Palazzo Dona' (Ca' Dona' Brusa' in Venetian) is a lesson in the architectural history of Venice. It has features that range from Byzantine, through early and late Gothic and include the Renaissance.
A curious decoration of the marble cornice of the entrance depicts a hunter and his dogs chasing rabbits and antelopes. It is late Byzantine, Dona's oldest feature which historians place in the last half of the 14th century.
The cortile is an extensively documented example of Early Gothic. Its most dramatic feature is the quadrafora (four-light "windows") on the piano nobile. Its marble stairway, its pozzo, and its great supporting columns are all characteristic of Venetian architecture in the early 15th century.
Inside, the gallery's Gothic ceiling is of a type found only in the Ducal Palace. The floor in the gallery and salone affirm Dona's age. They are not terrazzo, but pastellone, an early, earthier flooring material now rare in Venice. There is a gorgeous Renaissance ceiling in the salone.

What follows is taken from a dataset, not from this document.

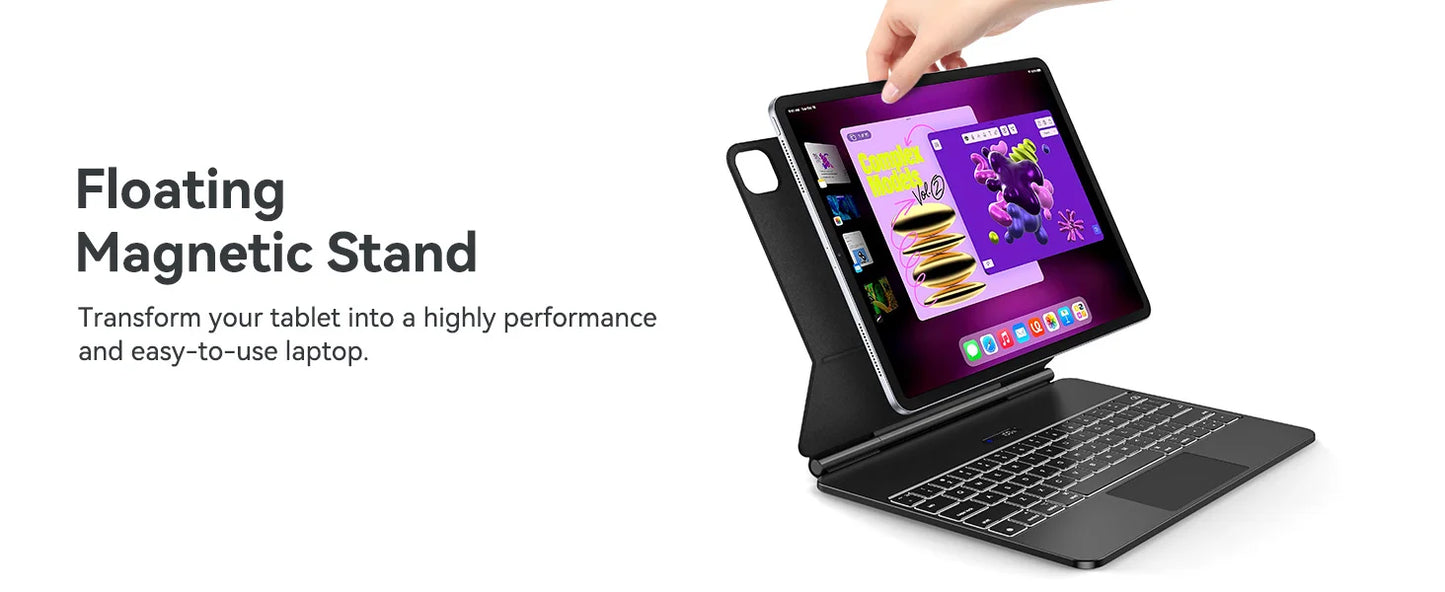 SODI Magnetic Keyboard Case for iPad Pro 12.9 inch 3rd/4th/5th/6th Magic Compatible Keyboard Case with Multi-Touch Trackpad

Palazzo Dona' has been designated an historic monument. It is listed in Giulio Lorenzetti's comprehensive Venice and its Lagoons. It has a significant place in Eduardo Arslan's definitive Gothic Architecture in Venice, and in Paolo Maretto's L'Edilizia Gotica Veneziana. If you look closely, you can find Dona' on Jacabo de Barari's 1500 etching when it faced a now filled-in canal and a bridge was needed to reach the entry. It is cataloged in the definitive book on Venetian cortiles. In Giuseppe Tassini's Alcuni Palazzi, published in 1879, he quotes a letter describing a wedding at Palazzo Dona' in June, 1507.